Richard Feynman once opined on the most important sentence in science:

If, in some cataclysm, all of scientific knowledge were to be destroyed, and only one sentence passed on to the next generation of creatures, what statement would contain the most information in the fewest words? I believe it is the atomic hypothesis that all things are made of atoms — little particles that move around in perpetual motion, attracting each other when they are a little distance apart, but repelling upon being squeezed into one another. In that one sentence, you will see, there is an enormous amount of information about the world, if just a little imagination and thinking are applied. [ Six Easy Pieces, p 4]

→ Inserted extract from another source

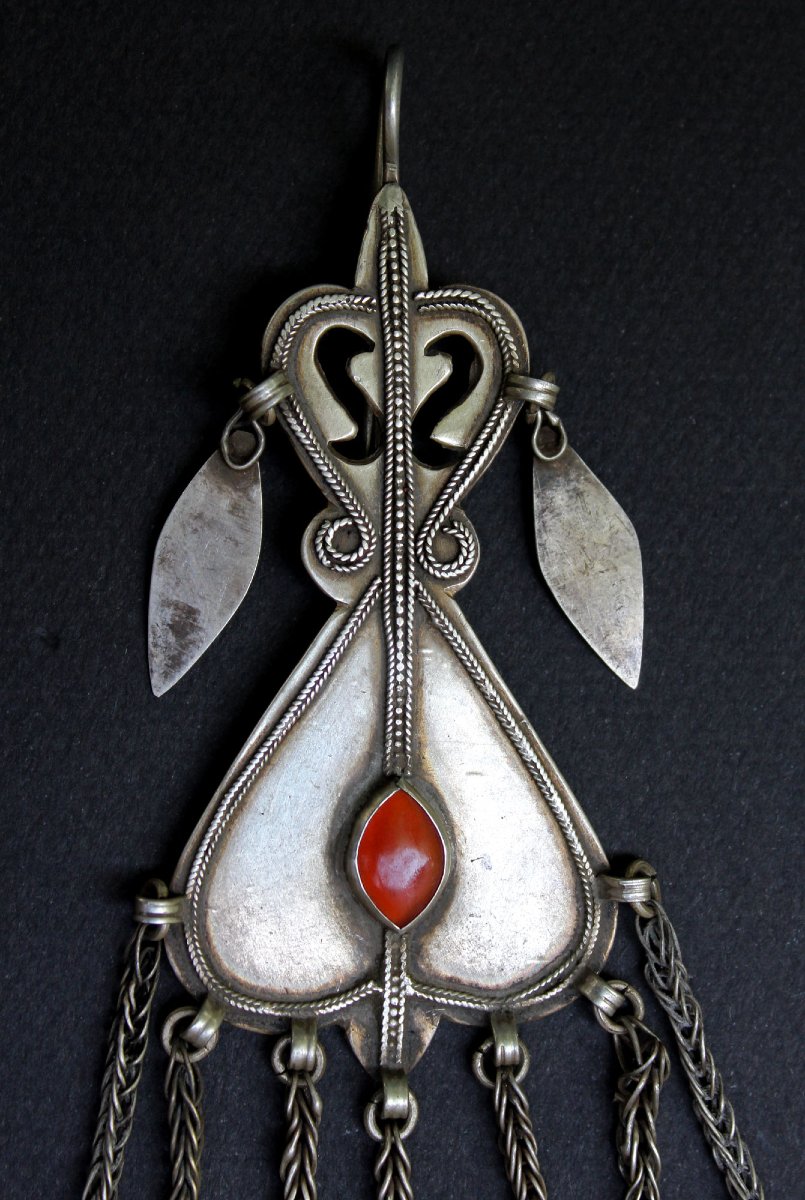 Pair Of Tekke Turkmen Tribal Silver Earrings With Carnelian And Pendant Chains-photo-2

If the idea that everything we see and interact with can be broken down to particles and void – in short, to atomism – could be the foundation of a reborn science, then it makes sense to use atomism as the starting point for a discussion of a science-based world view. That’s what Victor Stenger is attempting to do in his latest book God and the Atom. By showing how universe rests on a foundation of particle physics, Stenger can show that there is no place for – or at least no need for – God and the supernatural.

It’s an ambitious goal, one made more complicated by Stenger’s decision to include a history of the idea of atomism from ancient Athens through the Renaissance, and carry the thread through his discussion of particle physics. However, Stenger’s forty year career as a particle physicist make him qualified to make the attempt.

And it’s a solid attempt but, sadly, not a very successful one. Stenger needs to cram history, a whole field of science and an entire worldview into 300 pages, with end notes. The results are predictable: the early history is choppy, the arguments are scant and little space is given to counterarguments. Not surprisingly the physics are handled well, if perhaps a bit speedily for some readers. His use of the history from Newton onward is smooth and helpful in connecting the development of particle physics. But Stenger’s central argument needs more space to develop than he’s allowed himself.

To pick one problem, there’s Stenger’s approach to reductionism. While it may be accurate to say that particles and void are the foundation of our universe, we do not live in that foundation. We live in a house constructed on that foundation, and it is not easy to see how the foundation gives rise to the house.

How do atomic interactions “scale up” into the world we experience? That’s an important question to deal with if you’re going to be appealing to a popular audience. You have to connect the world they live in with the world Stenger is describing.

One way to deal with this a discussion of emergence. Stenger spends only a few paragraphs on the issue (pp. 270-271), and he seems to view the topic with suspicion. Perhaps this is because so many philosophers and liberal theologians like Philip Clayton are claiming the word emergence and taking it farther than scientists would go, but leaving out the discussion creates a massive gap.

Obviously, I am in complete sympathy with the goal of describing a bottom-up universe. But such a worldview is counter-intuitive, and learning to think in terms of complex systems giving rise to phenomena – of chaos leading to order – takes careful teaching. Saying in essence “here are the atoms, there is no God” doesn’t really address the problem.